Sigues durmiendo. Te envidio. No entiendo por qué cuanto más necesito prolongar el sueño, más temprano amanezco con los restos de la noche africana girando ante mis ojos.
Así que decido levantarme. Preparo café.
Entre palabra y palabra me asomo al interior de la taza. Al fondo, mi imagen trémula, mi yo moka. Sus palabras que nunca llegan a la superficie se ahogan en el café, que quizá por eso tiene un sabor amargo.
Es mi yo de color, mi yo africano.
Ya está África imponiéndose de nuevo. Y digo que no, que no quiero soñar ni escribir sobre África, que me sofoca el calor de su horizonte naranja siempre presente.
Desfondo los cajones del recuerdo en busca de indicios, del porqué de esos sueños tribales, de esos ritos.
Y me resisto.
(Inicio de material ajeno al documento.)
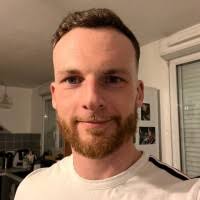 200+ "Alexandre Daniel" profiles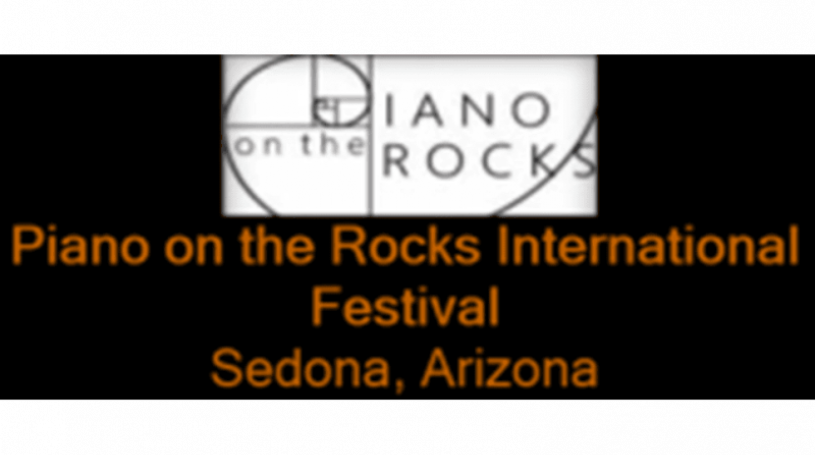 

			
				Piano On the Rocks International Festival
			
			
	
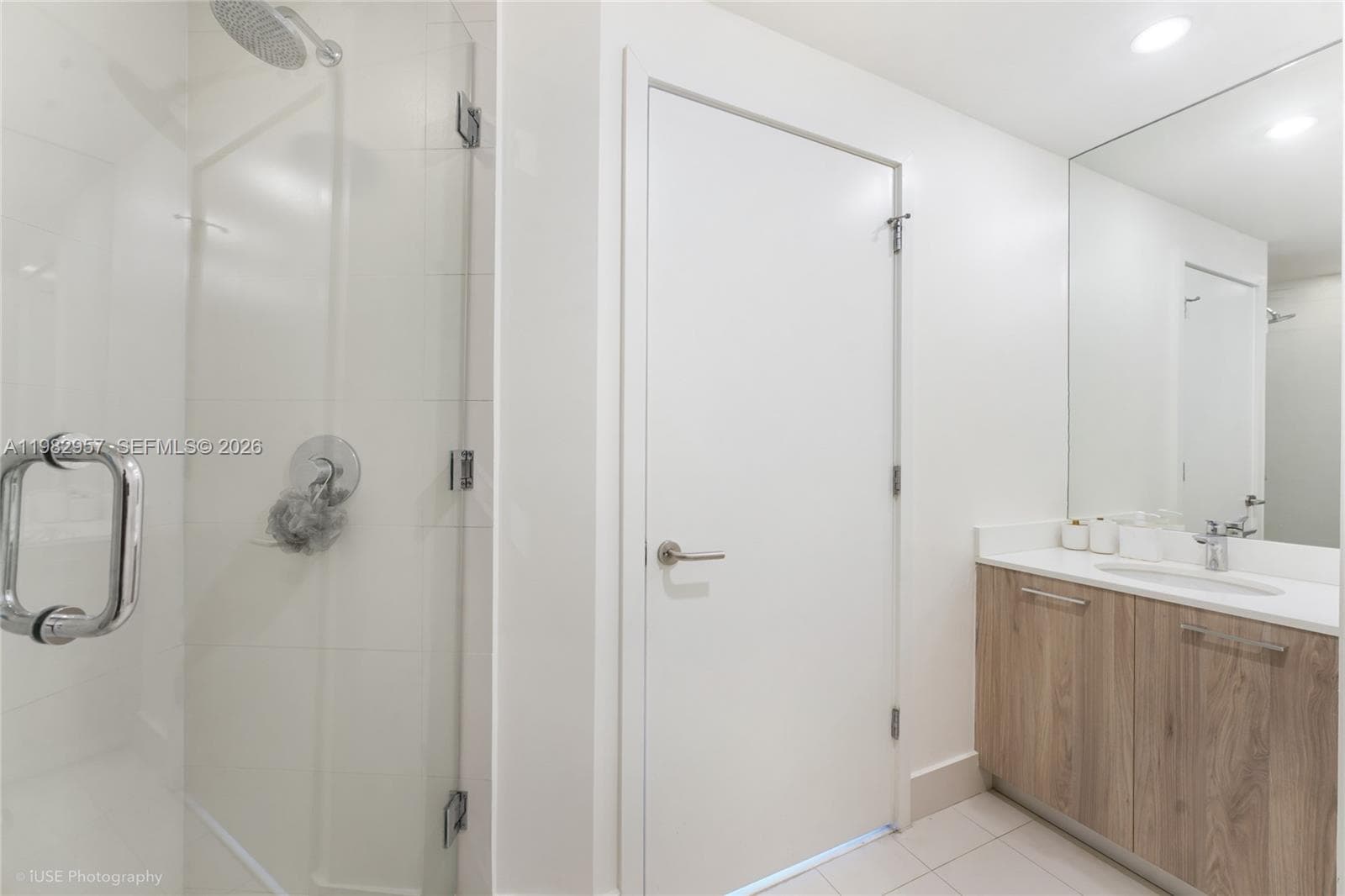 501 NE 31st St # 1901, Miami FL 33137 — 11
Reitero un café con leche que me despierte, pero allí sigo, en el fondo de la taza, esperando. Sin prisa.
Agito la taza para evitar mi mirada. Un diminuto maremoto de café lanza una gota que se estrella en el escrito. África queda sepultada bajo un lodo marrón que desdibuja su frágil silueta de bolígrafo.
Tú sigues durmiendo. Ajeno a las guerras tribales y a los maremotos de café mientras yo me peleo con otro papel virgen que quiere ser continente negro, pero no le dejo. Y sigo dibujando palabras con tal de no mirar mi imagen negra que sigue esperando al fondo de la taza. Por no ver que el borrón de café no ha conseguido acabar con esa palabra obsesiva. Porque quizá no vale la pena luchar contra lo inevitable.
El olor a café interrumpe tu sueño. Me llamas. No respondo. Sólo espero.
Bajas a la cocina. Pan tostado, café con leche. Esta mañana el café tiene un sabor más amargo.
Te digo adios en los labios, con olas de café.

1 comentario:

Anónimo dijo...

RS
El colombiano tiene un efecto similar, y lo inevitable para algunos es depender de la cafeina como dependemos de nuestros sentimientos.